DEAR MATT: Sounds good to me. Yours is one reversal that, instead of holding you back, actually propels you forward, putting you in a good position to make the next right decision. And so far, your slow and steady game plan probably makes you sleep quite well when your head hits the pillow. No regrets, no second thoughts, no indecision. Simply a clear conscience with a clear mind. That's just about nirvana for anyone, particularly someone in the single world, where various sexual choices always are on the menu. As a person of 24 years, you're more man than some of your older brothers - and sisters. Yes, you're turning the tables on the usual scenario, in which a woman is bedded in the name of conquest. For you, slow and steady does indeed win the race. I, for one, am in awe.

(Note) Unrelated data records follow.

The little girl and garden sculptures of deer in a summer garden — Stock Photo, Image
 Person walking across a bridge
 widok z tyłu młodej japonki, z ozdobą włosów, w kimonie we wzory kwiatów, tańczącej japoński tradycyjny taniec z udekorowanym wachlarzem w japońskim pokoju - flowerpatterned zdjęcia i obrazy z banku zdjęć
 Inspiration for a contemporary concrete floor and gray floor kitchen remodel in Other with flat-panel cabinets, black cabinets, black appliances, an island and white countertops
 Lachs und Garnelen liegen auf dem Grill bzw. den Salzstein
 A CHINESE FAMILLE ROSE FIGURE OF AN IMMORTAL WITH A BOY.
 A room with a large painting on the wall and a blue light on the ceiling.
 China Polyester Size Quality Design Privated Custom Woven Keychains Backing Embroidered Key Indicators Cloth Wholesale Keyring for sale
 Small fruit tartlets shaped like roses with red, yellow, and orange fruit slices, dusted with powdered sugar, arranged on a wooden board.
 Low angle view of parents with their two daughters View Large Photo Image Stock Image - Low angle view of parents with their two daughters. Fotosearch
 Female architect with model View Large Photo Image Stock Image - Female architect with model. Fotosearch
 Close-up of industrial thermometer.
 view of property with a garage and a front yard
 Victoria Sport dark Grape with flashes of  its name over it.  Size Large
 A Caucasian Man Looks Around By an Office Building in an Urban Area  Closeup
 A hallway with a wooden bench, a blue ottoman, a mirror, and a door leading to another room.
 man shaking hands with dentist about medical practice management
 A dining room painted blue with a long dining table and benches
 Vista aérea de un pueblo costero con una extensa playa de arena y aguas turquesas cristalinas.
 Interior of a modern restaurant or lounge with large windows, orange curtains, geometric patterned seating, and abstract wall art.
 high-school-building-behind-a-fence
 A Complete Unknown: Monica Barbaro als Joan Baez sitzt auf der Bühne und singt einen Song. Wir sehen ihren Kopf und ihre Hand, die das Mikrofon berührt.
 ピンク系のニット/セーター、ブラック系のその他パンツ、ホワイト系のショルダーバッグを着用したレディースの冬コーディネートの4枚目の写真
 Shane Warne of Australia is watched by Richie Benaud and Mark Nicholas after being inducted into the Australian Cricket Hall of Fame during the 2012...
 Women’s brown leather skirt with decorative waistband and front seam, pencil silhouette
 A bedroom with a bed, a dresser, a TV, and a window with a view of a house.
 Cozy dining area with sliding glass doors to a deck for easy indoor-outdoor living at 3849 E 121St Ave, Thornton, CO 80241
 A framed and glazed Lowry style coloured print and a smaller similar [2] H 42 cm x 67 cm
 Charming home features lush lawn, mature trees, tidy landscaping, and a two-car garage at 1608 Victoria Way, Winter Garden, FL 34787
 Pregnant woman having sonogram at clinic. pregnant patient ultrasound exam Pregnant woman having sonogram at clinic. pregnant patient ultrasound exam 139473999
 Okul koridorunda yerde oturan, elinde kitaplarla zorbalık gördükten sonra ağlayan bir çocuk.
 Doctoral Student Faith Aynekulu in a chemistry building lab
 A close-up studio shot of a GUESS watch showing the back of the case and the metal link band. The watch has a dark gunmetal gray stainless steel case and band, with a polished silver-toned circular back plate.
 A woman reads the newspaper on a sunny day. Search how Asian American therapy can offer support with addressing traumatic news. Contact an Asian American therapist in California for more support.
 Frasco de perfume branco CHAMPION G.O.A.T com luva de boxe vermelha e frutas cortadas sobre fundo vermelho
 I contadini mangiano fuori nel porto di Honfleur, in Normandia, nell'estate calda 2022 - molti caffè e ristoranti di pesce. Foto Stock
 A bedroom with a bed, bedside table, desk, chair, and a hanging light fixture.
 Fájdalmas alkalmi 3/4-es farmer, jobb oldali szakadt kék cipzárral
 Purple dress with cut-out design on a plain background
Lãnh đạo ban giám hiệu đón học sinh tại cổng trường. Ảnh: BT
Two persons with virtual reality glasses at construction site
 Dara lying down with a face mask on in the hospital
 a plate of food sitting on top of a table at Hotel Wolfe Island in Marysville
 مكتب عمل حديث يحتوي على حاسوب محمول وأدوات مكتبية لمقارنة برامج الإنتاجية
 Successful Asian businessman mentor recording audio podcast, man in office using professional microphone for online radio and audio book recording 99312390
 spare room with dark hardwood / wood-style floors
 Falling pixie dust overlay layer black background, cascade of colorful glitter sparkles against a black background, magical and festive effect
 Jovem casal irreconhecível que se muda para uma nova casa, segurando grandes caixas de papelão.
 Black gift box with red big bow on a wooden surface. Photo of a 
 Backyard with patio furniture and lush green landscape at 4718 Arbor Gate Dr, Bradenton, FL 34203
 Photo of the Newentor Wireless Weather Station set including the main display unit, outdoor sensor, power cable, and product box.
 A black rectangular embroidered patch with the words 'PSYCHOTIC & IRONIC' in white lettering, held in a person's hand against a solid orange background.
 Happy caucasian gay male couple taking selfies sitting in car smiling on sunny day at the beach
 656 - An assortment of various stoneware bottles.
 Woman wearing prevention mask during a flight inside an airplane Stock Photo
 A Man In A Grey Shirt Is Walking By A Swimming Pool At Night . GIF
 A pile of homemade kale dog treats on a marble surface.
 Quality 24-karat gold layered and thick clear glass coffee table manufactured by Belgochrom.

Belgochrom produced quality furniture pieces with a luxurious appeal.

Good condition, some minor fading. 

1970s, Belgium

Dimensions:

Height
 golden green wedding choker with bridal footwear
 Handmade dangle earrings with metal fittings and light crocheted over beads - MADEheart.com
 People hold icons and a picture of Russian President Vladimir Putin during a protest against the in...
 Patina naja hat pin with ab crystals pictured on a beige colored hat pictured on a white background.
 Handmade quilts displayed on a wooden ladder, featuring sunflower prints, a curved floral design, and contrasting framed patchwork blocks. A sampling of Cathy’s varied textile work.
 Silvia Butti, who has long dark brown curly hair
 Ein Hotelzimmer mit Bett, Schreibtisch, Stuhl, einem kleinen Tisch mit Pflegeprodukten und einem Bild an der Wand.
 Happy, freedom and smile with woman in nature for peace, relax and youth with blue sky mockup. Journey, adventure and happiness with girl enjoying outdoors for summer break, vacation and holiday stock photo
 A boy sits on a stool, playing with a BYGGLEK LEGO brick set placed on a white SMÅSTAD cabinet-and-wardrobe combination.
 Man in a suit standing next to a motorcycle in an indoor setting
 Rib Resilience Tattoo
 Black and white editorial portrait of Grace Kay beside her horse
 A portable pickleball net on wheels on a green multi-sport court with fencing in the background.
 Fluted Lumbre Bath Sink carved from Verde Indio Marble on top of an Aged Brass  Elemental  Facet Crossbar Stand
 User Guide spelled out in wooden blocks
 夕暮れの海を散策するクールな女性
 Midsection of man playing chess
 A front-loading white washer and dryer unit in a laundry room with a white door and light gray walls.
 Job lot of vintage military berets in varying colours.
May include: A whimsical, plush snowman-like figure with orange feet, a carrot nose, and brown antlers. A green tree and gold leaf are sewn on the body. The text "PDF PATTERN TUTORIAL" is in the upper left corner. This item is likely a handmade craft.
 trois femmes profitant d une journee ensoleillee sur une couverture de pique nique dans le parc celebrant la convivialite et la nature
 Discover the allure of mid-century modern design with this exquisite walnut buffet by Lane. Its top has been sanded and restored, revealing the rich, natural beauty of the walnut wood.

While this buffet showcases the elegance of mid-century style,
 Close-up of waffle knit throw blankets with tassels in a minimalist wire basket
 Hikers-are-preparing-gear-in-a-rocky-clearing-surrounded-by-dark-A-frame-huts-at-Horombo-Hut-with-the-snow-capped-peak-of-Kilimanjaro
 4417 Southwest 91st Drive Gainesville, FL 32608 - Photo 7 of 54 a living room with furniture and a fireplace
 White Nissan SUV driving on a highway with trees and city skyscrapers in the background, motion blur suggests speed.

DEAR SUSAN: My boyfriend wants to have sex, but I'm not ready. When we're at college, he hurts me. One time, he twisted my arms behind my back and then kissed me. (My arms were sore for three days.) Every time I refuse, he gets angry, sometimes pinching me. I'm scared to break up because I'm scared of rape. What can I do?

Gloria B., Portland, Ore.

 

DEAR GLORIA: There are many things you can do, and I suggest you bring your folks into this unhealthy situation to figure out which is best. They must know what's going on so they can be on your side. With them, figure out a way to quickly get out of this "relationship." The three of you might contact his parents. Consider transferring to another college. Talk to a rape specialist in your town or on campus; report the situation. This future wife beater is certainly not your friend, so stop thinking of him as your boyfriend. He's a menace with only bad intentions toward you, so you must take the relationship very, very seriously. Again, start with your folks. Huddle with them and figure out a plan of action and what experts to consult. This is to be taken seriously because, left unchecked, it could develop into a traumatic situation. Right now, make a list of all the people you can call. Tell your housemother, your parents, the campus crisis center. Take action right away.